Trump has the attention span of a gnat; to call him a third-rate mind would be an undue kindness. He may forget about Greenland as quickly as he has turned the island into a crisis; he may move on to the next bout of law-breaking, to cause the next international incident that drives America’s allies into the hands of the Chinese or pushes them onto the warpath of the Russians.
Perhaps we get through the next three years with gentle diplomacy, pretending that Trump is an aberration. But the American people were prepared to re-elect a man who tried to destroy their democracy; who might they invite into the Oval Office next?

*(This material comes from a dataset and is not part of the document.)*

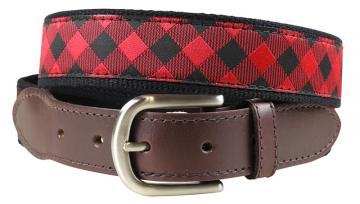 bc-Buffalo-Plaid-Leather-Tab-Belt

As it turns out Trump is not Hitler; he has no grand ideological mission; he believes in “the great replacement” only so far as it serves his ends. Far worse is that the corrupted and enfeebled American polity is ripe for somebody brighter and more principled but no less evil to inflict much greater harm on the world – and the American people.
And then there’s always the chance Trump does follow through on his threats, either today or some other time in the next three years; he is, after all, both stupid and selfish. Either way, this is not a country to be relied upon or that can be gamed into continuing as our security blanket.
Getting Serious
The depth of our defensive reliance on America is staggering. To use Britain as an example: our Trident nuclear deterrent relies on missiles that can only be maintained and repaired by the U.S.; our F-35B fighter jets rely on American data and parts; our air-air refuelling capability is limited; and we lack the munitions or “magazine depth” to keep our guns and artillery firing for more than a few weeks without U.S. industrial capacity. These are just a few examples; there are many more across the continent.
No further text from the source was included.